The bizarre thing about this discussion, is that I am mostly advocating that we need more information about this pt in order to make our decision in the best interest of the pt.

NVRob, again, it is clear that we do not have anesthesia on scene with us, and it is somewhat unreasonable to request a flight crew for a pt who isnt going to be flown(although not unheard of.) I am advocating with the limited information provided, that we consider non invasive positive pressure ventilation, whether with CPAP or BVM, as a bridge to RSI by a team of trained clinicians in an "ideal" environment. If the presentation of this pt does not allow for us to lollygag, and instead forces us to take definitive control of the airway, then of course that is what we will do.

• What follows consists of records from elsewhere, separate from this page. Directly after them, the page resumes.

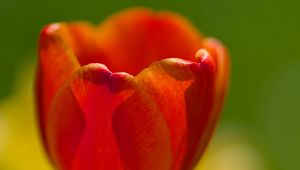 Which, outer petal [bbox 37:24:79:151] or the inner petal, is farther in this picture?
the inner petal

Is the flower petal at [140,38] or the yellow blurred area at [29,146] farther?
the yellow blurred area at [29,146]

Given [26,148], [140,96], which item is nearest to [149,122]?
[140,96]

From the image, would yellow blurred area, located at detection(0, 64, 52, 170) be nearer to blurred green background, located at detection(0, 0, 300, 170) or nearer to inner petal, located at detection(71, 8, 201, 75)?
inner petal, located at detection(71, 8, 201, 75)

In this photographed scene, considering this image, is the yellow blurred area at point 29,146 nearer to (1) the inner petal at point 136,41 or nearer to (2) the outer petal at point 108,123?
(1) the inner petal at point 136,41

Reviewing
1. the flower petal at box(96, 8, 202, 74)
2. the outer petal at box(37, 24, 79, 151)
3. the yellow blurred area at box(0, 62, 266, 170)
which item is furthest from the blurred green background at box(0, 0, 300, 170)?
the outer petal at box(37, 24, 79, 151)

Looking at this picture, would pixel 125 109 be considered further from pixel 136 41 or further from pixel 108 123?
pixel 136 41

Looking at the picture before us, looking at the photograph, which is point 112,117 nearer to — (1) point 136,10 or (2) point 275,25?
(1) point 136,10

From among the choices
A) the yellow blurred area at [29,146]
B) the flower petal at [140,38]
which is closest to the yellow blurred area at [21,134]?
the yellow blurred area at [29,146]

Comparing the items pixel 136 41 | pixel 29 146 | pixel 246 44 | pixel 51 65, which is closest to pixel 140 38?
pixel 136 41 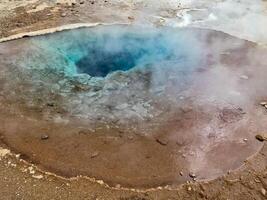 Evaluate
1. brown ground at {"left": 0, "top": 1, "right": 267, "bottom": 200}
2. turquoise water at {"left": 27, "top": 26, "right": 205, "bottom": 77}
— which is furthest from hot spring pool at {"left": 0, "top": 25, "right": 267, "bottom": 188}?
brown ground at {"left": 0, "top": 1, "right": 267, "bottom": 200}

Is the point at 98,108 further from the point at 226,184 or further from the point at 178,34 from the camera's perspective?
the point at 178,34

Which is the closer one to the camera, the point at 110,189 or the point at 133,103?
the point at 110,189

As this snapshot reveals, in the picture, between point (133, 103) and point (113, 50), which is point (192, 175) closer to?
point (133, 103)

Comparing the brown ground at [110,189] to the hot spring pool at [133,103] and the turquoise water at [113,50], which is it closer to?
the hot spring pool at [133,103]

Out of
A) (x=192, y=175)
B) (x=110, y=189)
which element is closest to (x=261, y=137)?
(x=192, y=175)

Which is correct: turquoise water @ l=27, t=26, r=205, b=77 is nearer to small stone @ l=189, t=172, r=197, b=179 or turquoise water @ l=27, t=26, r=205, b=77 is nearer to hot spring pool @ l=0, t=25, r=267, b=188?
hot spring pool @ l=0, t=25, r=267, b=188

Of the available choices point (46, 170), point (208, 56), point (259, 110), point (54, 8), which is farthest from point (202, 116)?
point (54, 8) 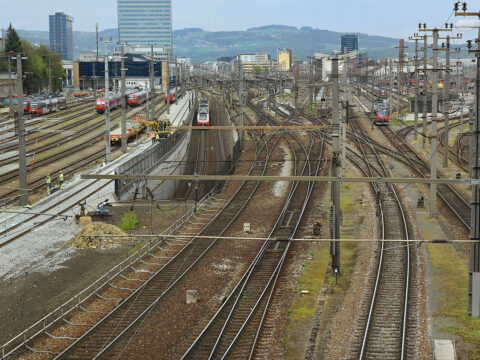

With the information provided, as I'm not sure I'm buying into the saO2 finding(would use etco2) beyond the pt's respiratory rate, what other findings in the scenario as presented lead you to believe that this pt requires RSI after "5 minutes without dramatic improvement" What about 5 minutes without decompensation? Then what?

Anyway, I suppose I'm ranting without any real purpose, truly, we are saying the same thing. Just trying to get everyone to open there minds and justify the reasoning for this procedure as it is certainly not without consequence.
 
Linuss, you're adding things to this scenario that were not initially presented. I will presume that is in an effort to justify your decision making, it appears you are unwilling to consider that we simply don't have enough information to determine whether or not RSI is necessary for this pt at this time.

If you REALLY want to go down the road of "not enough information for treatment", then you will have to redact your statement of


Nitrates/CPAP
-adam
 
i suppose youre right, I was assuming the pt is sick, which ironically enough is exactly what I am advocating that we don't do now.

Congrats, you owned me.

Now prove me wrong, I issue that only as a challenge, if you can legitimize your argument as I believe I have mine, then I think it would be an opportunity to learn, certainly I would take it as such.